- _WHAT IS BEING ASKED_
The output is the line containing "Waffle - Image 2" plus every later line down to the end of the listing below, copied exactly. No pictures belong in it.

- _COLLECTED MATERIAL_
************
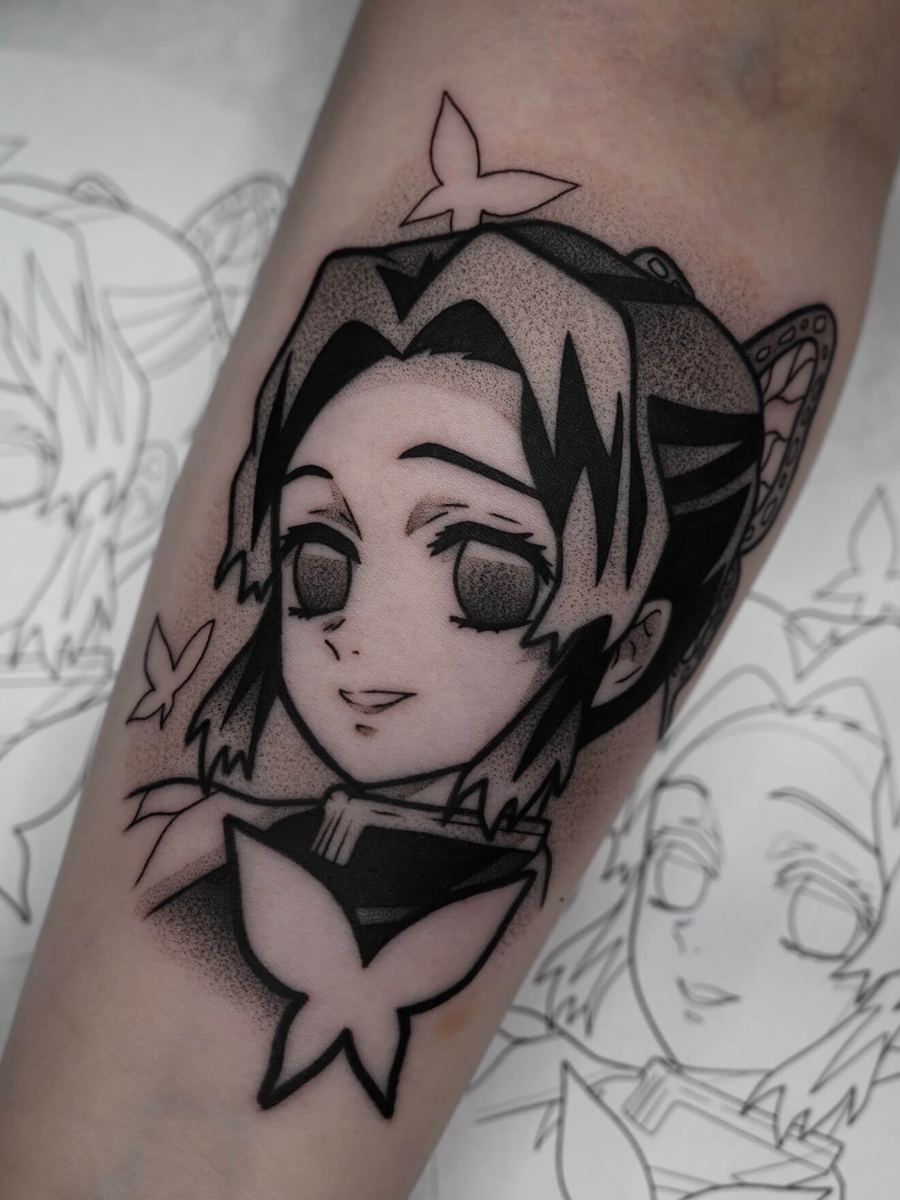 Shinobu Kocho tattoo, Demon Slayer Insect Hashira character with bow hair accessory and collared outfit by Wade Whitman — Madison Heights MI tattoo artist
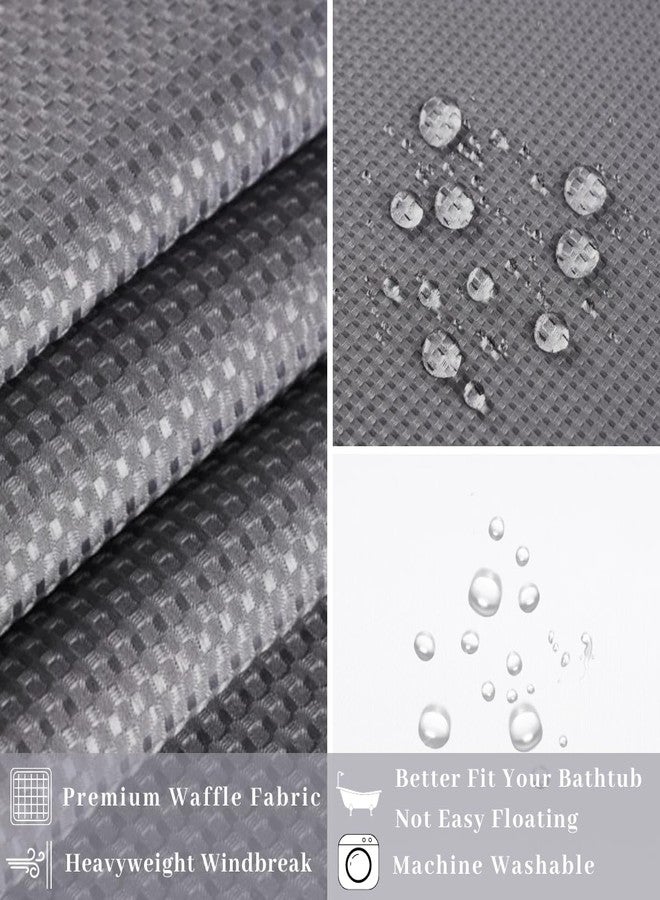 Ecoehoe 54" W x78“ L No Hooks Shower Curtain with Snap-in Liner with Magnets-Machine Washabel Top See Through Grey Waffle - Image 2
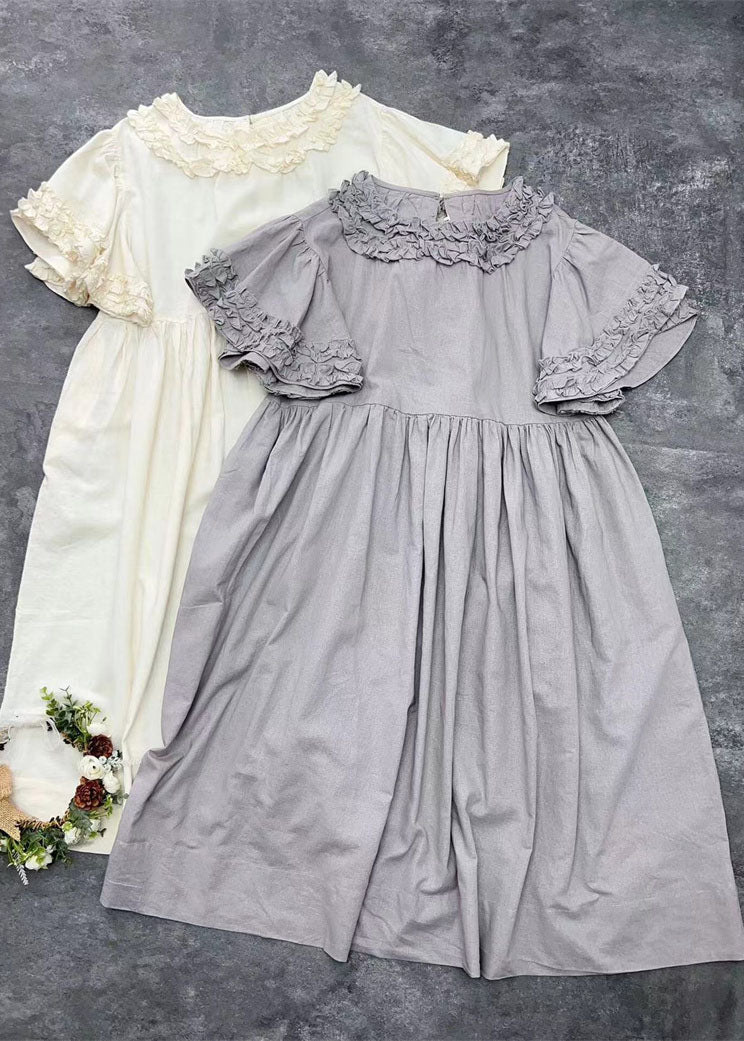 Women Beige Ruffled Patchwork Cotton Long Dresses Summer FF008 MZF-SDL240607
************
- _RESULT OF THE EXERCISE_
 Ecoehoe 54" W x78“ L No Hooks Shower Curtain with Snap-in Liner with Magnets-Machine Washabel Top See Through Grey Waffle - Image 2
 Women Beige Ruffled Patchwork Cotton Long Dresses Summer FF008 MZF-SDL240607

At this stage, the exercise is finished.